Sunday, 22 September 2024

Fourre

There are biographical details about Etienne Fourre in "Marius" and in "Un-Man." Are they consistent? Does it matter? I have suddenly realized that it does not. If we imagine that the instalments of Poul Anderson's Psychotechnic History are written by different authors in later periods of that fictional timeline, then any of those authors might have got some of the details wrong or alternatively might have written a fictionalized account in which he was obliged to improvise to some extent because he had not known what all of the details had originally been in any case. Thus, as long as we receive a reasonably consistent account of Fourre as a character, there is scope for some divergence in the accounts.

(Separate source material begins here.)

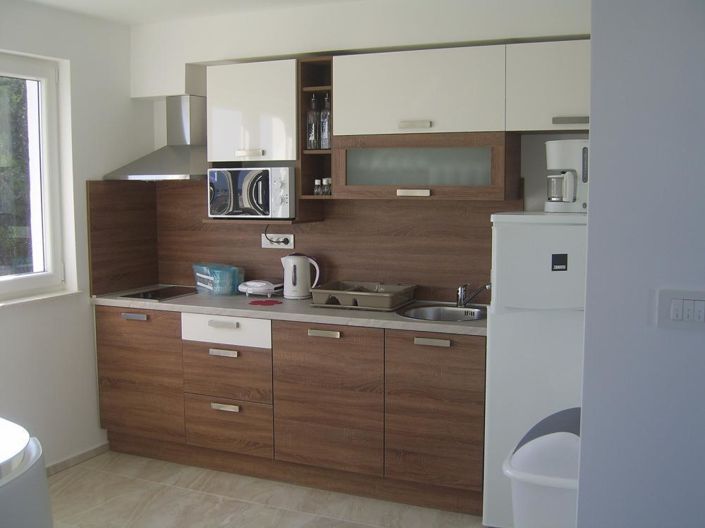 Image No.7-8 Bed Property for sale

Fourre is the viewpoint character in "Marius" but is seen from the outside by Naysmith in "Un-Man." This difference alone provides the opportunity to present a more rounded account. Unfortunately, that is the last that we see of Fourre because history moves on. The Technic History presents the best of two worlds: long character-based series and a long future history series. Poul Anderson is unique in that we can move from one of his future history series to another.

2 comments:

S.M. Stirling said...

I think Poul abandoned that future history because he became increasingly dubious about its fundamental assumptions.

Sean M. Brooks said...

Kaor, Mr. Stirling!

While I think it might be possible to trace broad patterns in known past history, I agree it is not possible to predict what will happen in the future. That's why Anderson became dissatisfied with the Psychotechnic series.